Species Homo sapiens

Summation

Glycosaminoglycans (GAGs) are long, unbranched polysaccharides containing a repeating disaccharide unit composed of a hexosamine (either N-acetylgalactosamine (GalNAc) or N-acetylglucosamine (GlcNAc)) and a uronic acid (glucuronate or iduronate). They can be heavily sulfated. GAGs are located primarily in the extracellular matrix (ECM) and on cell membranes, acting as a lubricating fluid for joints and as part of signalling processes. They have structural roles in connective tissue, cartilage, bone and blood vessels (Esko et al. 2009). GAGs are degraded in the lysosome as part of their natural turnover.

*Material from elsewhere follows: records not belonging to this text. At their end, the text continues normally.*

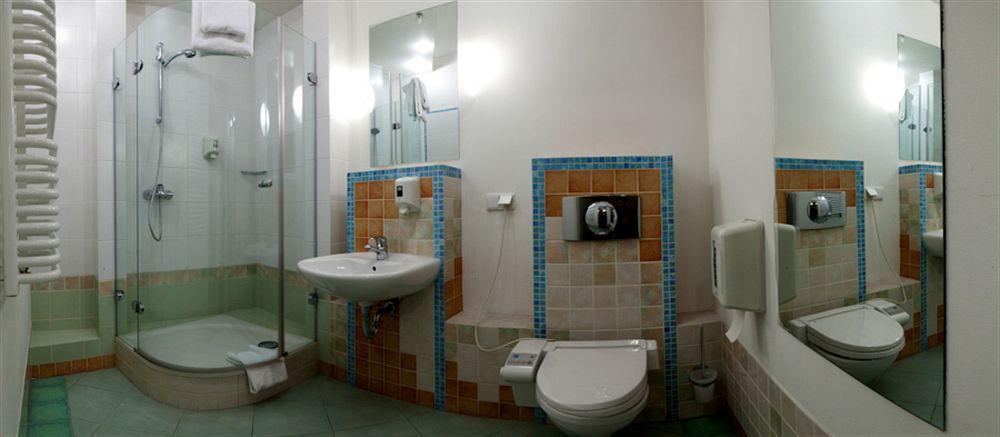 Comfortbiznes פרוז'קוב מראה חיצוני תמונה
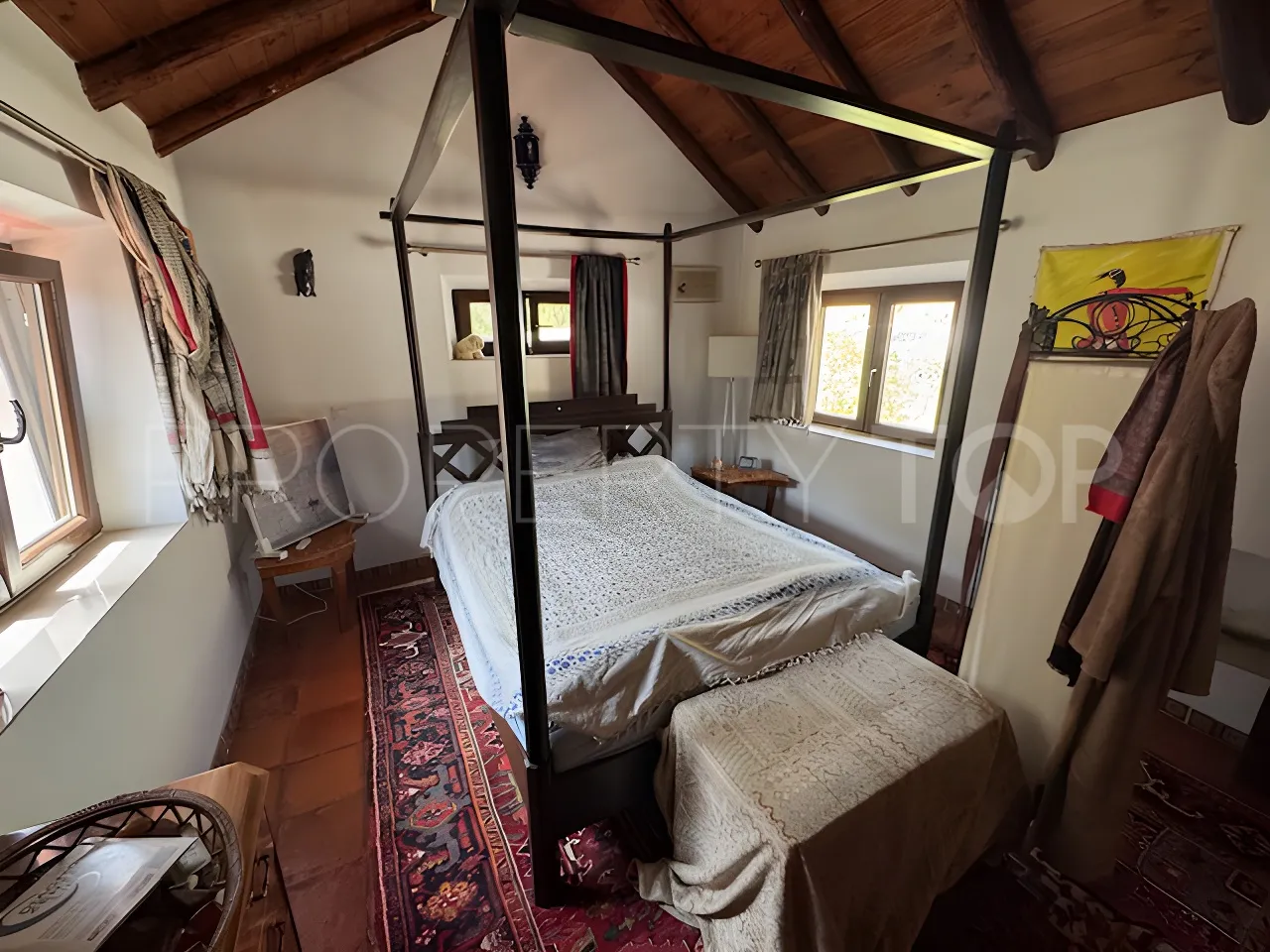 Villa for sale in Casares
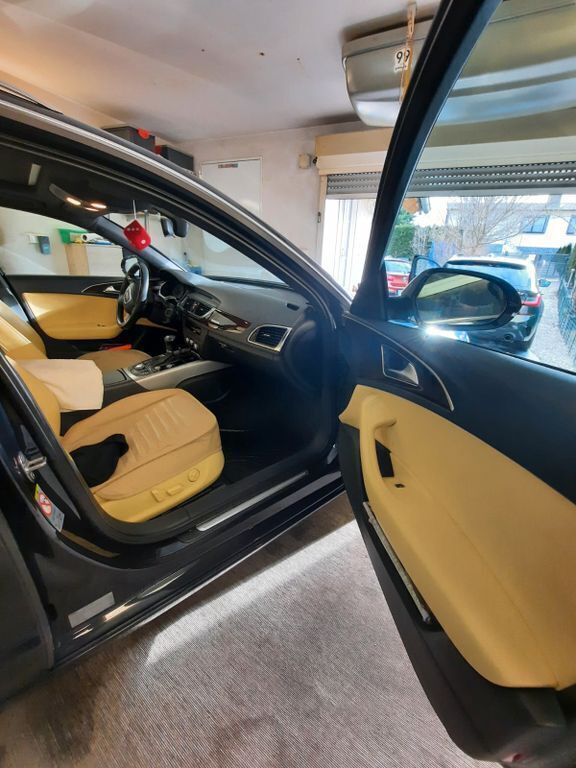 Gebraucht Audi A6 Sport 245 PS (180 kW) 2012 Blau Kombi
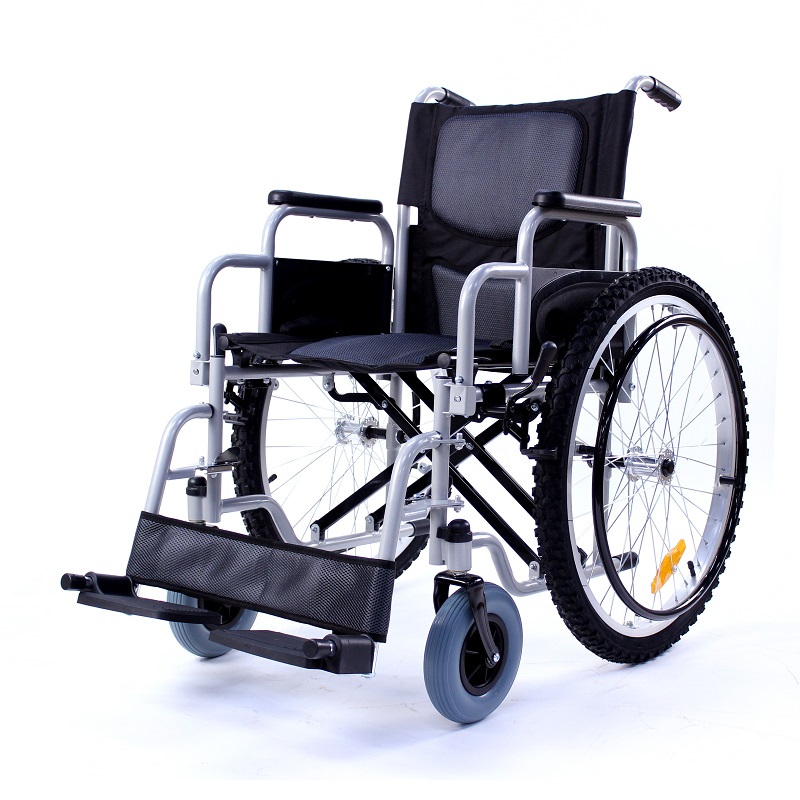 Cadeira de rodas de aço com pneus off-road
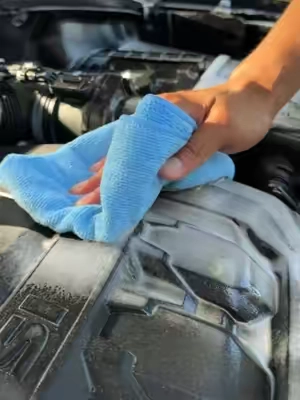¡Cómo limpiar un compartimento del motor sucio! #parati #chemicalguys #detailing #fypchallenge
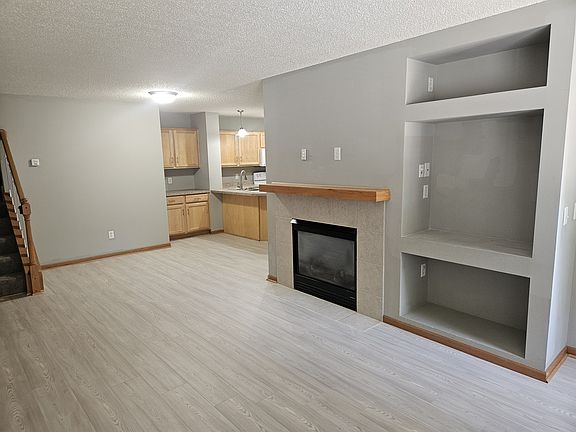 4th image of 2463 Yellowstone Dr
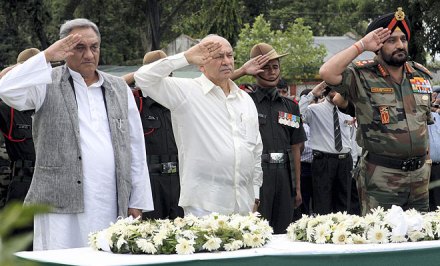 शहीद वीरांना राष्ट्राची मानवंदना, आता शोध बेपत्ता झालेल्या तीन हजार जणांचा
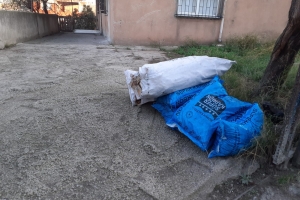 Kış yardımlarımız devam ediyor İhtiyaç sahipli ailelerimize soba odun kömür yardımında bulunduk Aralık 2022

Defects in the lysosomal enzymes responsible for the metabolism of membrane-associated GAGs lead to lysosomal storage diseases called mucopolysaccharidoses (MPS). MPSs are characterised by the accumulation of GAGs in lysosomes resulting in chronic, progressively debilitating disorders that in many instances lead to severe psychomotor retardation and premature death (Cantz & Gehler 1976, Clarke 2008). The biosynthesis and breakdown of the main GAGs (hyaluronate, keratan sulfate, chondroitin sulfate, dermatan sulfate and heparan sulfate) is described here.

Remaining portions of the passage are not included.